CA Grenoble, 1re ch. corr., 23 février 2006, n° 04-01289

GRENOBLE

Arrêt

PARTIES

Demandeur :

Redon

COMPOSITION DE LA JURIDICTION

Président :

M. Chauvin

Conseillers :

Mme Robin, M. Douysset

Avocats :

Mes Nallet, Sandoli

TGI Grenoble, ch. corr., du 30 juin 2004

30 juin 2004

Rappel des faits et de la procédure:

Les époux Royer ont vendu, pour la somme de 800 euro, le 5 août 2002 au Garage de la Plaine, un véhicule Renault 19 mis en circulation le 27 juin 1991, dont ils étaient propriétaires depuis 1994 et concerné par un accident survenu le 1er décembre 2000, ayant nécessité une réparation à l'arrière droit. Lors de la vente il a été précisé l'existence de problèmes de freinage.
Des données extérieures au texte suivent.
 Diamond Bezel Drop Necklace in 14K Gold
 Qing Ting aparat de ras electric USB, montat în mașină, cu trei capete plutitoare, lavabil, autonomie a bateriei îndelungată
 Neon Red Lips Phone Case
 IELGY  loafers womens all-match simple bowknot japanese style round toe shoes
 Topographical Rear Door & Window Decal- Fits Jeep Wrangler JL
Le garage de la Plaine a revendu ce véhicule à la SARL Y dont M. X est le gérant le 21 août 2002, en signalant également ces défectuosités du système de freinage, pour la somme de 1 448 euro.

M. X, après avoir selon ses dires, procédé à la révision complète des freins, sans toutefois le remplacement de pièces a fait passer une annonce dans la presse locale ainsi libellée "R 19 16S an.92,phl, 5 portes, 86 000 kms, pack sport, TBE coll., 3 820 euro Y... (tél...)".
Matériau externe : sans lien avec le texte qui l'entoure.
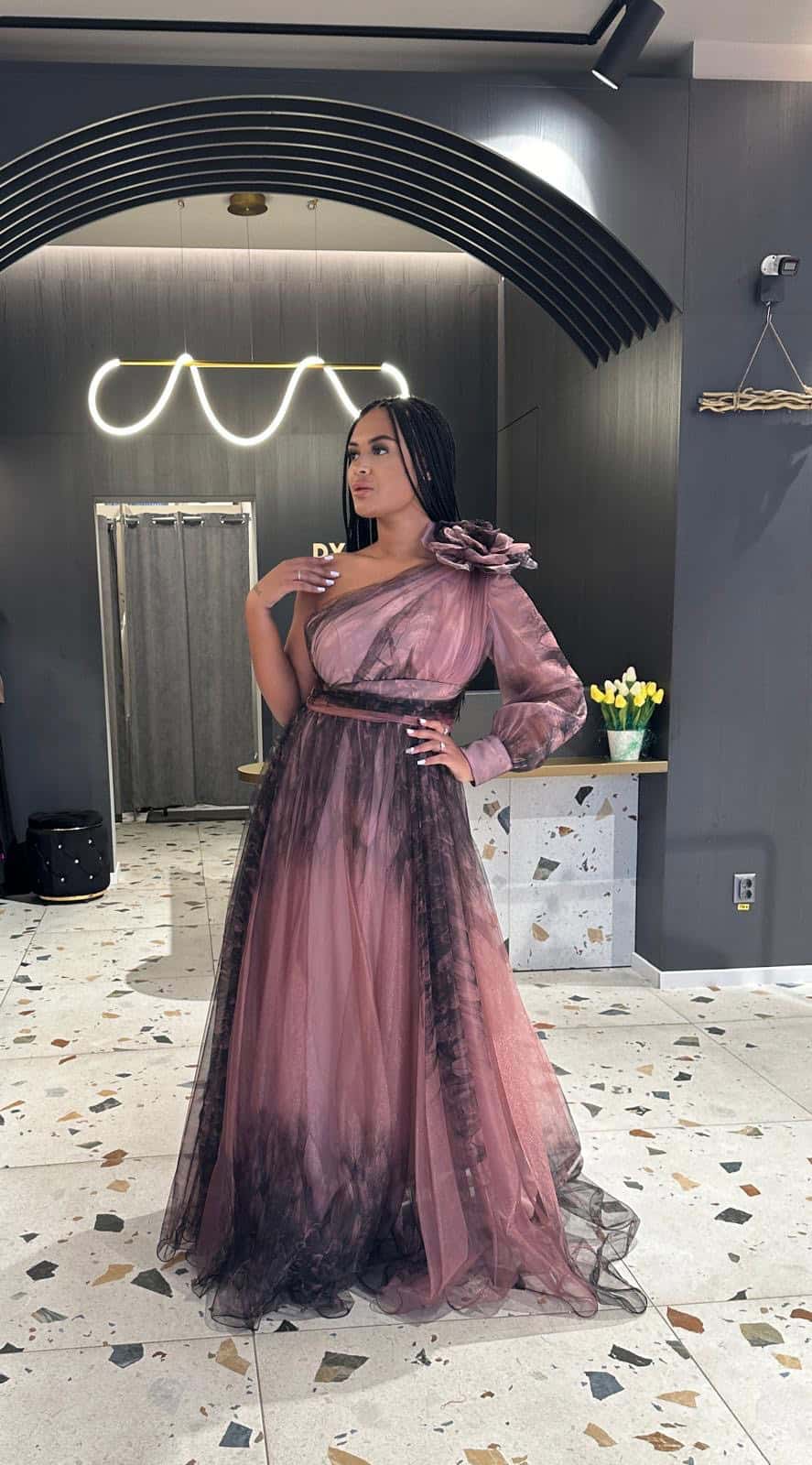 Rochie Roz-Negru Degrade DYA565 - imagine 4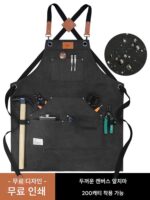 남성용 유럽 및 미국 스타일 앞치마 두꺼운 캔버스 내마모성 및 방수 맞춤 로고 정원사 핸드메이드 세련된 데님 작업복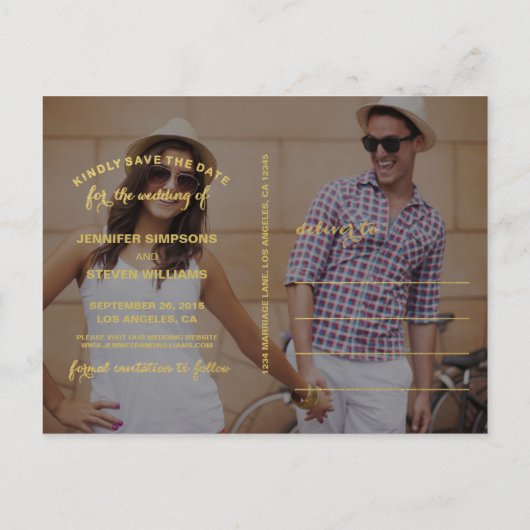 SLA ONZE DATUM OP | SLA DE DATUM GOUDEN AANKONDIGI AANKONDIGINGSKAART (Achterkant)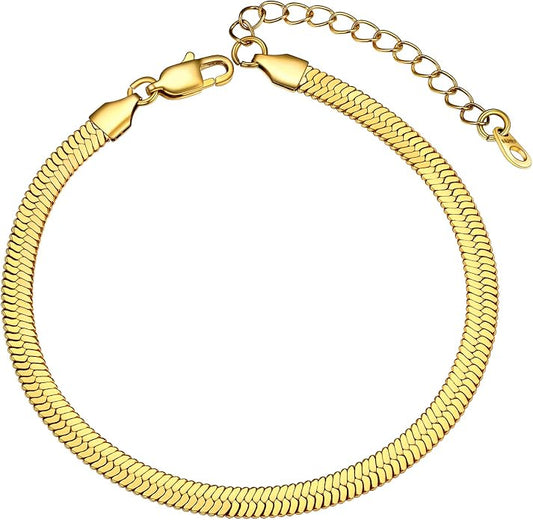 GoldChic Adjustbale Link Chain Anklet for Women Summer Jewelry, 316L Stainless Steel Figaro/Wheat/Twist Rope/Cuban Foot Bracelet-Waterproof, Resizable 9"-12" (Gift Box Included)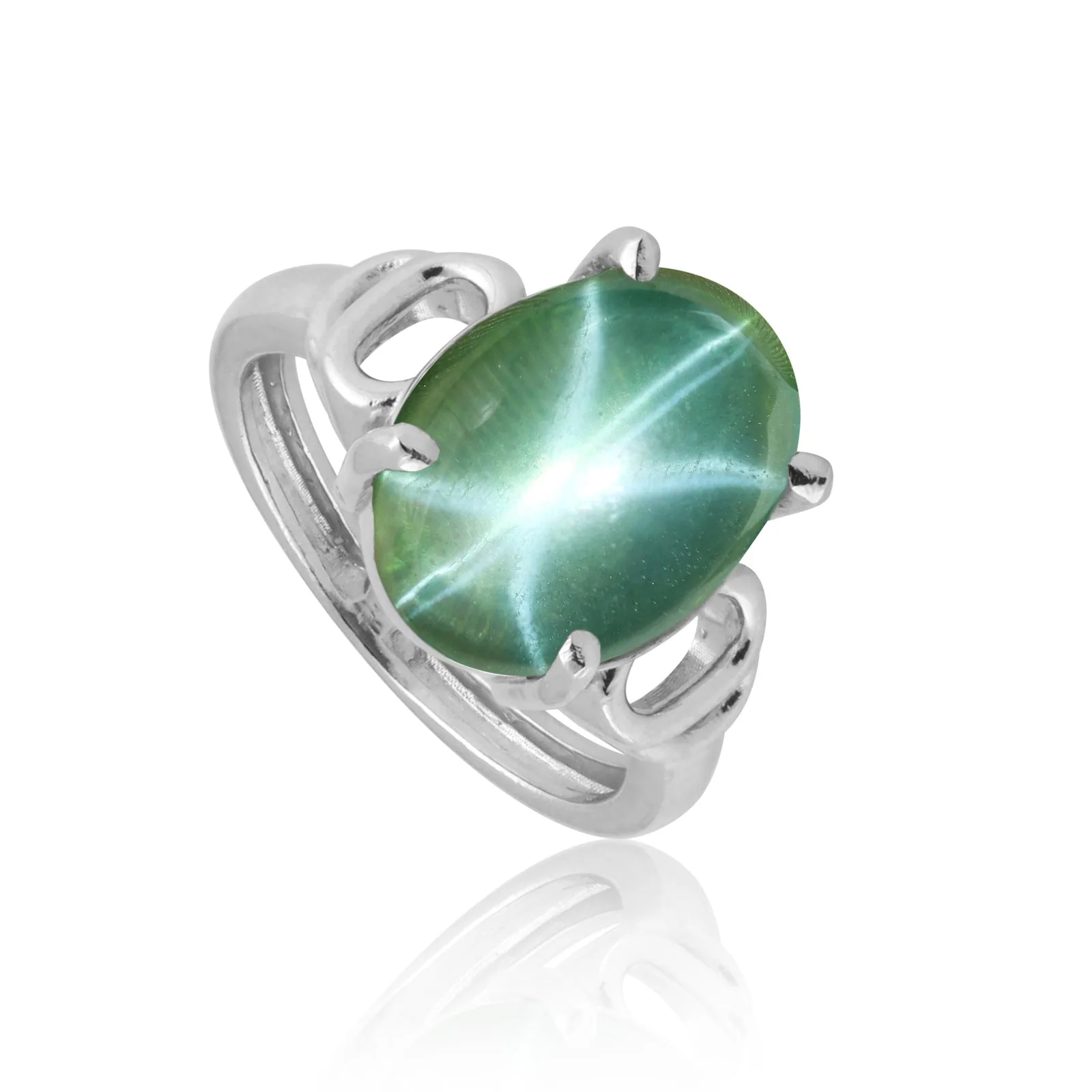 Sapphire Gemstone Ring 8.00 Ct. Oval Cabochon Cut 925 Sterling Silver Anniversar - view 4
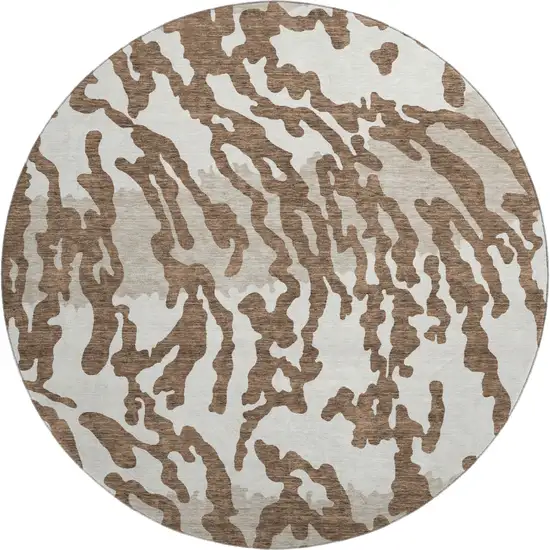 8' Chocolate And Beige Animal Print Washable Round Rug With UV Protection Photo 1
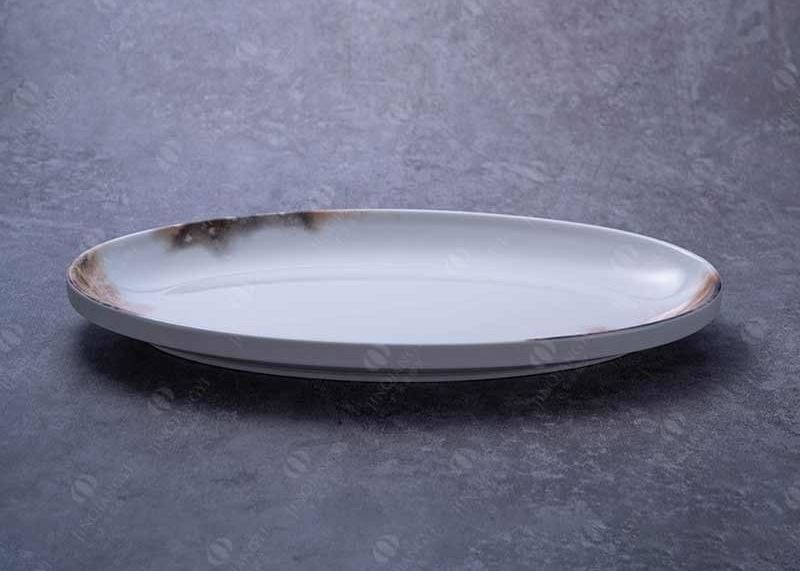 Odorless Ceramic Dinner Plate Oval Fish Serving Plate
Le véhicule a été cédé à M. Redon le 23 septembre 2002, avec mention d'un kilométrage de 86 800 Km, pour le prix de 3 820 euro.
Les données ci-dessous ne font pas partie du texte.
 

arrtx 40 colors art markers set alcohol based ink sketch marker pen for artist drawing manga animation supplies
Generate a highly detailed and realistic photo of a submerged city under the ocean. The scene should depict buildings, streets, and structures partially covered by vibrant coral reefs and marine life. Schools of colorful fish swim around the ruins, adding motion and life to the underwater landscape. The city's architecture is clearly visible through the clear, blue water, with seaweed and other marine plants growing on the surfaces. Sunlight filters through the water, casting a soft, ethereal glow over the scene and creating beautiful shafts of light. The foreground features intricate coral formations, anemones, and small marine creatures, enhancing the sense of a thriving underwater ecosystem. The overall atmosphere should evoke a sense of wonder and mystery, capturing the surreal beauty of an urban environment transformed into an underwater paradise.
L'acquéreur, après démarche infructueuse auprès du vendeur, s'est plaint le 19 décembre 2002, auprès de la Direction Générale de la Concurrence de la Consommation et de la Répression des Fraudes (DGCCRF) en émettant des doutes sur le kilométrage réel du véhicule (86 800 au jour de la cession) alors qu'un document trouvé à l'intérieur laissait présumer un kilométrage supérieur. Il faisait part également d'autres désordres à savoir une infiltration d'eau à l'arrière du véhicule, des traces de réparation, des pannes intermittentes de clignotant et du verrouillage centralisé des portières et une fuite au radiateur de chauffage.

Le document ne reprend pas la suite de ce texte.